Gupta and his classmates jumped headfirst into the social activism of the early 1970s. “We got very politicized. We would leaflet Montreal gay bars about how selfishly right-wing it was to go cruising by yourself,” he laughs. “We were going to change everything.”

Change is perhaps the thread that binds Gupta’s CMCP exhibitions. The two were created almost 15 years apart. Social Security presents actual darkroom prints, many from before Gupta attended formal art school. Homelands came after the digital photography revolution and is the work of a seasoned artist. Each series also reflects a journey of change in and of itself, first his parents’ move to Canada and then his own shuttling between India, Canada, the United States and England.

“I thought it would be useful for the Canadian public to see both his early and more recent work,” says Martha Hanna, director of the CMCP. “It allows some of the approaches Sunil takes in his work to be more apparent. The idea of narrative has run through his work, and also autobiography.”

 

Homelands, completed in 2003, features large-scale colour diptychs — pairs of photos side by side. They bring together the landscapes that have shaped Gupta’s identity, forcing the eye to integrate disparate images of East and West. A keen queer eye will catch finer details like the HIV/AIDS billboard in South Delhi and the obscured ACT-UP sit-in in Washington, DC. In fact, HIV was a key to Gupta’s initial conception of the work.

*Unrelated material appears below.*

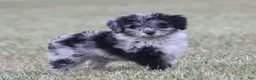 Aussiedoodle dogs for sale: Chrissy - Ad 1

“Homelands was made in the spirit of a virus crossing borders,” says Gupta, who has been HIV-positive since 1995. “Usually the subject of HIV photos is the person carrying the virus — victim-like pictures. I wanted to turn it around and have the virus looking out at the world.”

The world Gupta represents is a complex one. In life and art, he’s struggled to integrate the various facets of his identity. He’s been frustrated at times by an art world that usually sees him either through a racial or a sexual lens, but rarely through both. Politics has long been a driving force for his work, particularly for series like Exiles and Trespass, which can be seen on his website or in his book Pictures From Here.

“I’ve been motivated to make pictures of Indian gay men, who are invisible in the world,” says Gupta. “I have yet to see any popular gay newspaper in England or America that has images of Indians. They don’t form an object of desire — there are blacks and East Asians but no South Asians.”

After many years in England, Gupta moved back to India last year to be with the man he loves. His HIV status and foreign citizenship — he’s officially a Canadian — mean that he lives under threat of deportation. So far, the authorities have ignored his “open secret.” Gupta describes India’s gay scene as “non-existent” but he sees signs of change, which has renewed his fire for political and social action.

“Now that I’ve arrived at 50, with the remaining years I should really do something coming back to India,” says Gupta. “I’m very active trying to work on photography and art. And there’s gay activism here like I haven’t seen since the 1970s. This place needs work and there need to be people to do it. I feel more socially useful here.”